According to a recent report about CD Projekt's future plans, it seems that the studio is trying to incorporate multiplayer experiences into its game portfolio. As you probably know, the multiplayer mode that was originally planned for 2077 was eventually canceled, citing a change in development engines, but the studio plans to bring the multiplayer parts, or more specifically, the online elements, into the game. All your IPs are slow. So far, only the multiplayer part of one of the upcoming versions of The Witcher has been confirmed, and we have to wait and see what this part will look like in Cyberpunk.

Although Cyberpunk 2077 is also alone and without multiplayer. Like all other CD Projekt games with the exception of Gwent, it's massive and has a long gameplay, however the big question is what will the multiplayer look like? Are we talking about an indie game like Star Wars Battlefront or Vampire: The Masquerade Bloodhunt? Or would we ideally end up with something like Factions Last of Ace mode? Or even a mode where the choices of other players will affect your world? Anyway, there are many ideas.

BingMag.com What lessons can the Cyberpunk 2077 sequel learn from it?

Street Fights

One of the things that the Edgerunners anime highlights beyond the cyber psychosis is the street fights that we rarely see in 2077. That's not to say we need the next cyberpunk to be GTA or Twisted Metal, but at least for now, most of your time behind the wheel in Night City isn't much fun. Of course, there are occasional shootings, but the options are limited.

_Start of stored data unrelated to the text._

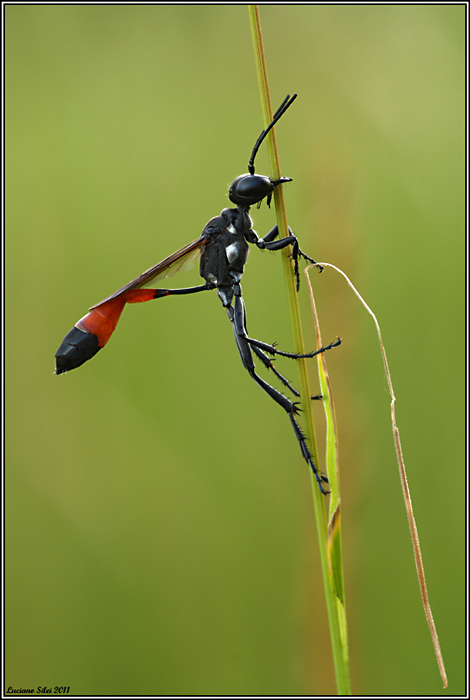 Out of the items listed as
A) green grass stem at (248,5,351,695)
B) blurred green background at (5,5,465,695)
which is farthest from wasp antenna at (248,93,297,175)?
blurred green background at (5,5,465,695)

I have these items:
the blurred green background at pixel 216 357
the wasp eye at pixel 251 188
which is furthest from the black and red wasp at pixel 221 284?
the blurred green background at pixel 216 357

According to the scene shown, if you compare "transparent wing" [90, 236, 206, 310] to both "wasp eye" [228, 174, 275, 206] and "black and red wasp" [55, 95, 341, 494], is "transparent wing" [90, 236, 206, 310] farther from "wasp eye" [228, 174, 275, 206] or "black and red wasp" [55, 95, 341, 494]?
"wasp eye" [228, 174, 275, 206]

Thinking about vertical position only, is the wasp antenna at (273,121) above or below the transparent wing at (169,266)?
above

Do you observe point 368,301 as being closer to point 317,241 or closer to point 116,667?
point 317,241

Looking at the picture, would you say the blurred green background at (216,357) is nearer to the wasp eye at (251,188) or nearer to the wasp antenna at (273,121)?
the wasp eye at (251,188)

The good news is that CD Projekt Red has already confirmed that vehicular combat, along with an overhauled police system, will be important parts of the game's next big patch.

Story

Cyberpunk 2077 did a great job of adapting cyberpunk RPGs and tabletop games. All those games wrapped up their stories very well. Orion's story doesn't necessarily need to revive characters like Johnny, Alt, etc. to keep us excited. In Cyberpunk 2077, CD Projekt Red created an amazing world both through its own innovation and with the help of adapted sources. An informal slogan seen in cyberpunk fiction is that Life is cheap and it is never possible to save the world and you can only save yourself. So it can be interesting to make versions that are a little more in line with the fresh themes of the genre. It's also interesting to see how the game world has changed years later based on the choices we made in Cyberpunk 2077 (think Dragon Age 1 and 2!) and how that affects the next character's story.

Ultimately, only time will tell what this sequel will look like. Until then, however, if you didn't experience Cyberpunk 2077 at launch due to its well-known issues, now is a good time to try it out on PC or 9th-gen consoles.